Need help with part b and c.
We deal a hand of two cards (drawn at random) from a standard 52-card deck. Let the random variable X represent the number of aces in this hand. Compute the following: (a) E(X) (b) E(X| the ace of ♠ is in this hand ) (c) E(X| at least one ace is in this hand ).
For part a, $x=0,1,2$ using the formula $^nCr=n!/(r!(n-r)!)$ $$P(x=0)= (4C0 *48C2)/(52C2) = 0.851$$ $$P(x=1)= (4C1 *48C1)/(52C2) = 0.145$$ $$P(x=2)= (4C2 *48C0)/(52C2) = 0.0045$$
$$E(X)= Σ(x*p(xi)=0.154$$
Where I'm running into issues with b and c. How would this need to be step up so that it can be solved.
Parts b and c are much the same.
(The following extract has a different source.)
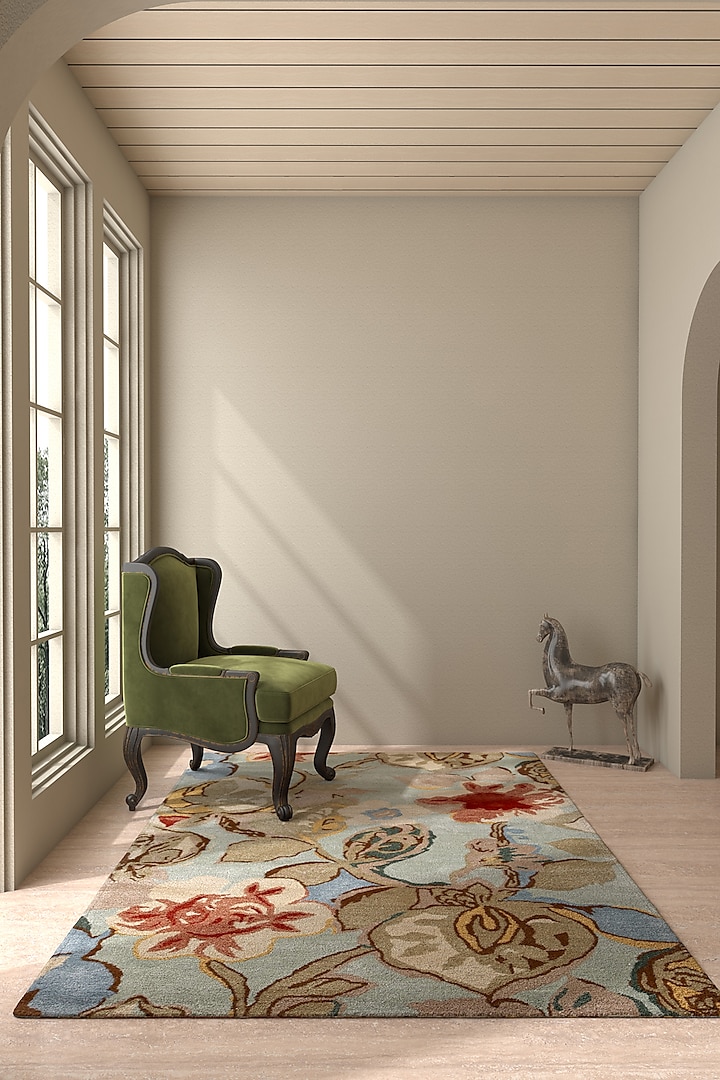 Aqua Foam Cotton Yarn Hand Tufted & Floral Printed Rug by Jaipur Rugs at Pernia's Pop Up Shop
For part b, $X\in\{1,2\}$, because when the $A\spadesuit$ is in the hand, either the other card is not an ace, or it is; and the conditional probability for that is easy enough to determine.
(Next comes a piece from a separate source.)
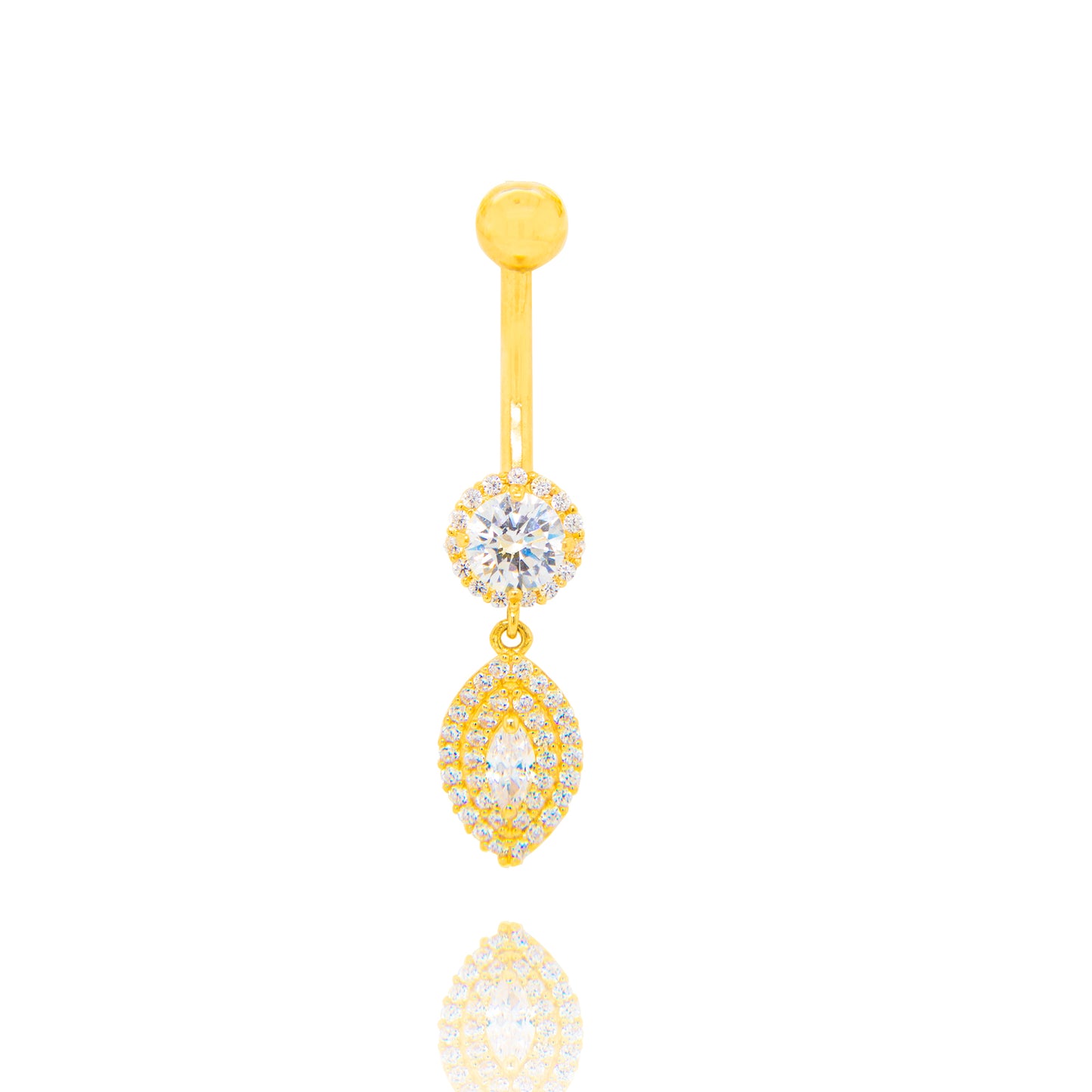14K Yellow Gold White CZ Marquise Double Halo Dangle Belly Ring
When given that you have the ace of spades, the probability that you have no other ace is: $$\mathsf P(X=1\mid A\spadesuit) =\dfrac{{^1C_1}{^{48}C_1}}{{^1C_1}{^{51}C_1}}=\dfrac{48}{51}\\\vdots$$
And so on, the same as you did before.
Likewise in Part (c) you just need to evaluate the probability of having only one ace when given you have at least one ace. $\mathsf P(X=1\mid X\geq 1)$
Which is not the same condition as knowing you have a specific ace, so take care.